Habe ich da jetzt einfach Glück gehabt, dass bei der Fertigung plötzlich rein aus Zufall ein gutes Instrument dabei herausgekommen ist? Oder hat das dann letztendlich andere Macken und hält zum Beispiel nicht so lange wie eine teurere Gitarre? Wo genau ist jetzt der Unterschied zu den richtig teuren Instrumenten? Ich habe nämlich festgestellt, dass diejenigen Instrumente, die für mich als unbedarfte Anfängerin ähnlich angenehm klangen, allesamt ab 400€ aufwärts kosteten, was für mich natürlich erst einmal überhaupt nicht in Frage kam, so etwas würde ich mir nur leisten, wenn ich schon etwas spielen kann. Ich denke, an Anfänger sind professionelle Instrumente völlig verschwendet. Aber wie kann es sein, dass ich plötzlich eine richtig super klingende Gitarre für das wenige Geld bekommen habe?

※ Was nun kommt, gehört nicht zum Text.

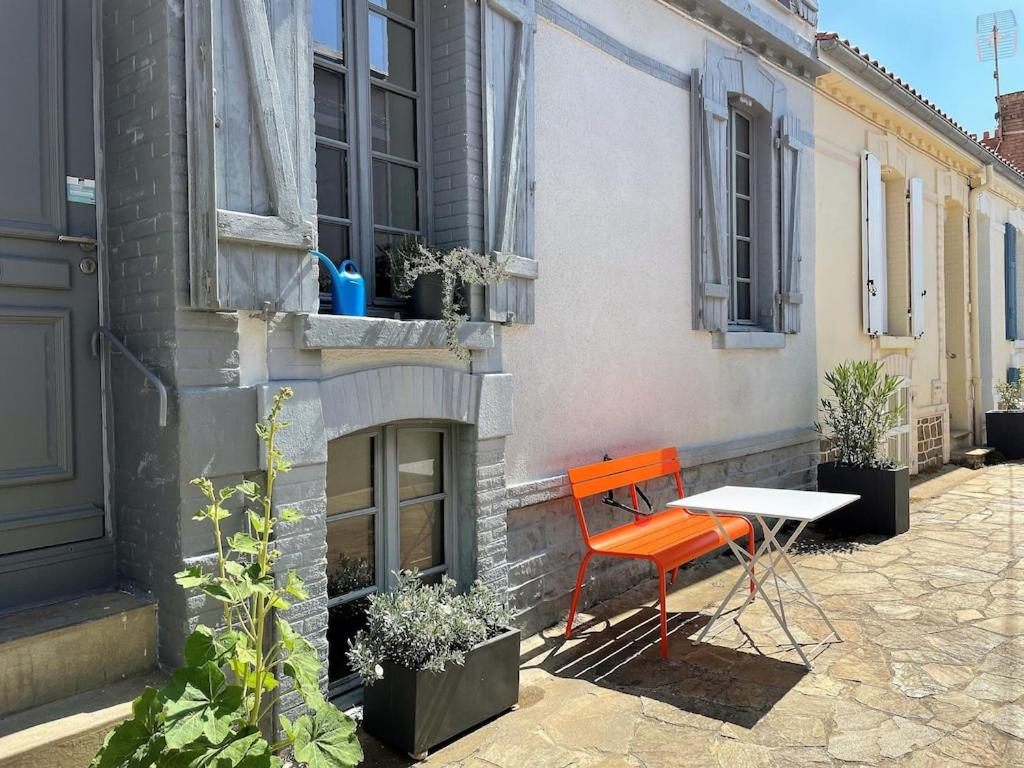 Maison de vacances 150 m de la grande plage-Quartier Arago-Charmante maison 5 pièces 5 Rue du Fort, 85100 Les Sables dʼOlonne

» arril » Beiträge: 739 » Talkpoints: 10,78 » Auszeichnung für 500 Beiträge



Mein Bruder hat sich auch neulich eine neue Gitarre schenken lassen und war dafür in mehreren Musikläden. Auch nach Beratung mit seiner Gitarrenlehrerin hat er sich dann eine GItarre für knapp 400€ ausgesucht, was ein marktüblicher Preis für eine vernünftige Gitarre ist. Klar kann man auch Gitarren für teilweise unter 100€ kaufen, die vielleicht kurzzeitig auch noch gut klingen. Wenn man wirklich viel spielt, sollte man aber aus meiner Sicht keinesfalls auf eine Billiggitarre zurückgreifen, da diese dann schnell an Klangqualität verliert.

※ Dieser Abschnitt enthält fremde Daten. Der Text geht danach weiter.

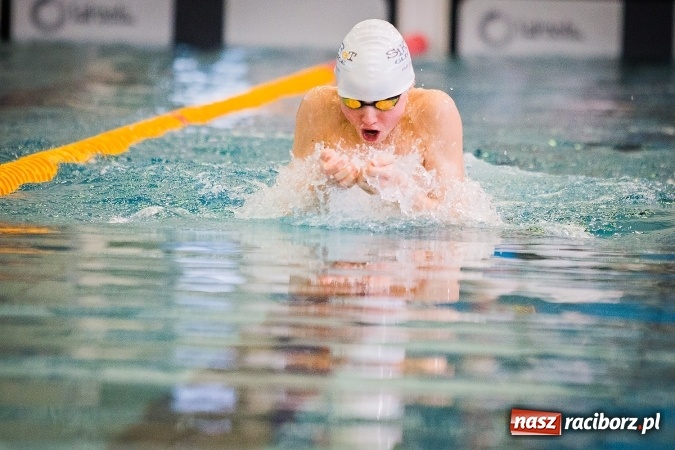 Zdjęcie w galerii na portalu naszraciborz.pl: Ze Śląska na Olimpijskie Areny - młodzi pływacy rywalizowali na pływalni SMS-u  wiadomości z regionu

» Aeliaron » Beiträge: 260 » Talkpoints: 11,16 » Auszeichnung für 100 Beiträge


Ich denke, dass die ganz billigen Gitarren nicht gut sein können. Vielleicht klingen sie am Anfang gut, aber das Holz wird sich verzerren und die Qualität kann nicht von Dauer sein. Mein Sohn hat sich damals seine erste Gitarre für 300 Euro gekauft. Für einen Anfänger war sie in Ordnung. Aber bei höheren Anforderungen ist eine gute Gitarre, vermute ich, unter 600 Euro nicht zu haben. Aber in unserem Musikgeschäft gibt es immer gute Sonderangebote und die Verkäufer beraten wirklich fair und wollen einem nichts andrehen.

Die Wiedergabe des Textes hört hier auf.